L’interrogation sur la question du double est, en effet, poussée jusqu’à un degré assez vertigineux. Ainsi, le comédien Marc Bodnar prête ses traits à Orson W., face au svelte Falstaff de Gerald Finley, quant à lui calqué sur le personnage du réalisateur Jake Hannaford, de retour à Hollywood après un long exil européen, et joué par John Huston dans The Other Side of the Wind, lui-même une version de Welles – bien que ce dernier ait d’abord tenté de nier le caractère autobiographique du film.
Sans doute faudrait-il noircir des pages et des pages pour parvenir à démêler les inextricables imbrications, entre fictions et (illusions de) réalité, de cette citation filée, qui ne tarde pas à tourner à vide dans l’immédiateté de la représentation, tant la « commedia lirica » de Verdi n’y apparaît qu’en filigrane, à travers quelques gags récurrents relevant, pour les contempteurs du « Regietheater » ou assimilé, de la déconstruction. Ainsi de l’essayage de bedaine postiche que l’interprète de Falstaff refuse à plusieurs reprises, de l’accumulation des paniers en osier, où il n’entrera pas davantage, ou des sauts incessants dans la piscine…
Aussi grand homme de théâtre soit-il, et metteur en scène d’opéra – n’en déplaise à ceux, nombreux, qui ont voué aux gémonies ses productions de piliers du répertoire, au premier rang desquelles Le nozze di Figaro et La traviata –, Christoph Marthaler atteint, dans Falstaff, la limite de l’exercice.
Finement assemblé, le plateau vocal apporte son lot de consolations. Les trognes faites aux comprimari s’y ajoutent aux couleurs affirmées, et idoines, du Pistola de Jens Larsen et du Bardolfo de Michael Colvin, ou encore du Dr. Cajus excellemment projeté de Thomas Ebenstein.
Si Bogdan Volkov n’atteint pas la même évidence, en Fenton un rien contraint, qu’en Chevalier de la Force (Dialogues des Carmélites), à Rome, en novembre 2022, puis en Lenski (Eugène Onéguine), à Bruxelles, deux mois plus tard, Giulia Semenzato est, comme au Festival d’Aix-en-Provence, voici deux étés (voir O. M. n° 175 p. 28 de septembre 2021), un rêve de Nannetta, dont les piani aériens couronnent la chair sensuelle du timbre.
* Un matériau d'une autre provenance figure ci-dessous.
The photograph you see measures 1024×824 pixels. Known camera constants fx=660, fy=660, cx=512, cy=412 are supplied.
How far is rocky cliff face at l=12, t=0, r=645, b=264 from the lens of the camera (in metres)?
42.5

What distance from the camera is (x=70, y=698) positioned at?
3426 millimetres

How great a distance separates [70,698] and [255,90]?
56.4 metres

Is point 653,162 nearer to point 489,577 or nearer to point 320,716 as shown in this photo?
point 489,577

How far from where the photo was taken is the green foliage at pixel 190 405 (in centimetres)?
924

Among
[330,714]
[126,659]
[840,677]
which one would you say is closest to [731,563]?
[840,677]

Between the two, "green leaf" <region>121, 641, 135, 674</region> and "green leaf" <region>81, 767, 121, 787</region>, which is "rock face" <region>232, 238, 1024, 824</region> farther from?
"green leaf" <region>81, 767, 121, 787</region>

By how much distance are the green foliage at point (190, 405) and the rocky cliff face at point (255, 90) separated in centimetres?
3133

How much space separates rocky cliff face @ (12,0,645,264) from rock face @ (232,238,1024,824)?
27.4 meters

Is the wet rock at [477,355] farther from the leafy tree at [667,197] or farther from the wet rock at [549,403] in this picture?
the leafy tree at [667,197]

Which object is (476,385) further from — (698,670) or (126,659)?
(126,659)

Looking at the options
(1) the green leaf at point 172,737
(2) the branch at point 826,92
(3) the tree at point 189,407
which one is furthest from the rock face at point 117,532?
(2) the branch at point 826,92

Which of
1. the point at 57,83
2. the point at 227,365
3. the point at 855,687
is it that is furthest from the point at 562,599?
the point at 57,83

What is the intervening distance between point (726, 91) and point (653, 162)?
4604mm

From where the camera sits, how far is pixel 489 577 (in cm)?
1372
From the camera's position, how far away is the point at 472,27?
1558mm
Rôle décidément parmi les plus délicats à distribuer, Alice Ford exige, d’abord, une authentique diseuse. Tout le contraire d’Elena Stikhina, assurément prodigue de la lumière inégalement concentrée de son émission, mais dont le verbe tout en vivacité de Cecilia Molinari, Meg Page ensuite plus discrète, souligne, dès ses premières répliques, l’absence de ressort, dans les mots et le phrasé.
La généreuse profondeur du registre de poitrine compense, chez la Mrs. Quickly de Tanja Ariane Baumgartner, le manque de gouaille transalpine. Simon Keenlyside prête à Ford son énergie explosive, dans un formidable numéro tragi-comique, même si son baryton, à la jeunesse si longtemps préservée, commence, à 64 ans, à faire son âge.
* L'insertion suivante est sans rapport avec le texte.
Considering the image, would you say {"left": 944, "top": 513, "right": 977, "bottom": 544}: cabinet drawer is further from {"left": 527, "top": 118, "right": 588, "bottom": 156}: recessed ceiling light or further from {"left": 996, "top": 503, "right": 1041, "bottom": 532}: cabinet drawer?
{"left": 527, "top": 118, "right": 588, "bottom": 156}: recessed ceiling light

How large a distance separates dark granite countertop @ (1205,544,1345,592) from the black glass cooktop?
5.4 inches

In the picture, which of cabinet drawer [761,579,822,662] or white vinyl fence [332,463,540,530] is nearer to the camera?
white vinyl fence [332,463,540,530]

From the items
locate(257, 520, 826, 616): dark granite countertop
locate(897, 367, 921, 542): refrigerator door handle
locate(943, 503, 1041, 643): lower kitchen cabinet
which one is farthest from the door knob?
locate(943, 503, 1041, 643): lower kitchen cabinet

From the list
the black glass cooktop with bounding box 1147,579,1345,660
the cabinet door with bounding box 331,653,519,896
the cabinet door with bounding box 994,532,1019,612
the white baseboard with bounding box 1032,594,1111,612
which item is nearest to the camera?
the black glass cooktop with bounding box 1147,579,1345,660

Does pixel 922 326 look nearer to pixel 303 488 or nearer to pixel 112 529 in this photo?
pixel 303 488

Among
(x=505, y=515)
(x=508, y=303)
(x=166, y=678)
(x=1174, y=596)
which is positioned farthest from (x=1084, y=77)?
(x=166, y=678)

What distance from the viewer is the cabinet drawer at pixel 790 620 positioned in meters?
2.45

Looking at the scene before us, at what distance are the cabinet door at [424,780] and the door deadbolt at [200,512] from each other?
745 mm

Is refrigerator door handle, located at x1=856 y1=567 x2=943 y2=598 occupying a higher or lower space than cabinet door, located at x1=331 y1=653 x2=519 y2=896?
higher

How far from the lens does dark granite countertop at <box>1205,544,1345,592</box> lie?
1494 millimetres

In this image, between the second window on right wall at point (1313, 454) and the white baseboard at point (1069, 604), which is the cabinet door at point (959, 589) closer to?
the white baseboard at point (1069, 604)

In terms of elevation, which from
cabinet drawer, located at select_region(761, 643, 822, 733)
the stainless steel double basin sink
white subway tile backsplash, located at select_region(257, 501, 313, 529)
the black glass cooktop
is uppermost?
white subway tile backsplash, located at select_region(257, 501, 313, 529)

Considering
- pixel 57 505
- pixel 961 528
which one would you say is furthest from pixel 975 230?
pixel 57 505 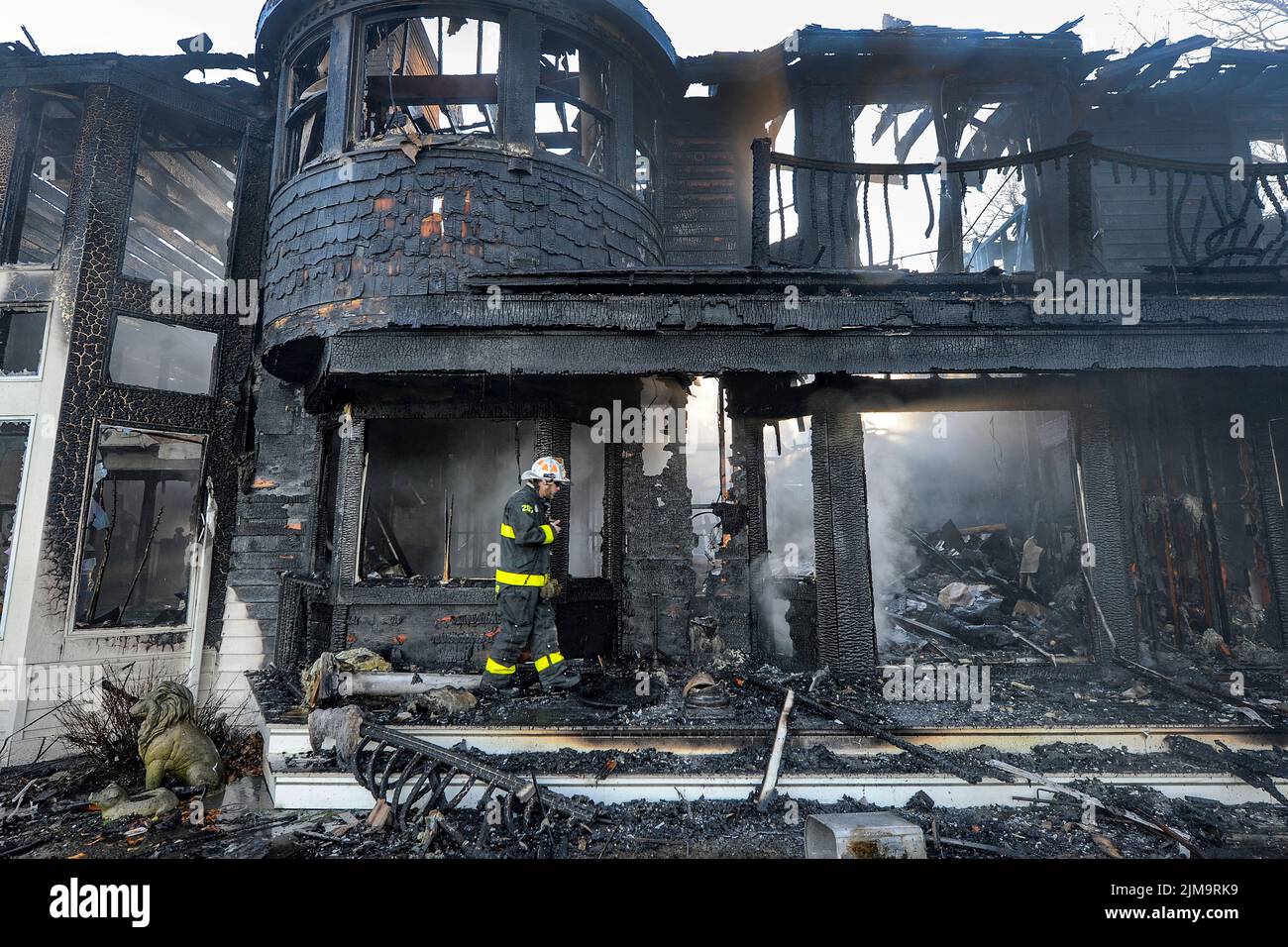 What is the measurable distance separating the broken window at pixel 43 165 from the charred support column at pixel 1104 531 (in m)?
13.6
Quelques aigus un peu secs mis à part, Gerald Finley ne fait, en revanche, absolument pas le sien – six mois à peine séparent les deux artistes –, admirable de velours et de legato dans le rôle-titre, où ces vertus sont, trop souvent, sacrifiées à la faconde.
Une leçon de chant, donc, que permet, aussi, la transparence du tissu orchestral déployé, avec une précision rythmique millimétrée, par Ingo Metzmacher. Sans brider les couleurs enivrantes des Wiener Philharmoniker, mais sans, non plus, restituer à l’œuvre cette joie exubérante, certes teintée de mélancolie, ni cette fantaisie poétique, dont la mise en scène, irrémédiablement, la prive.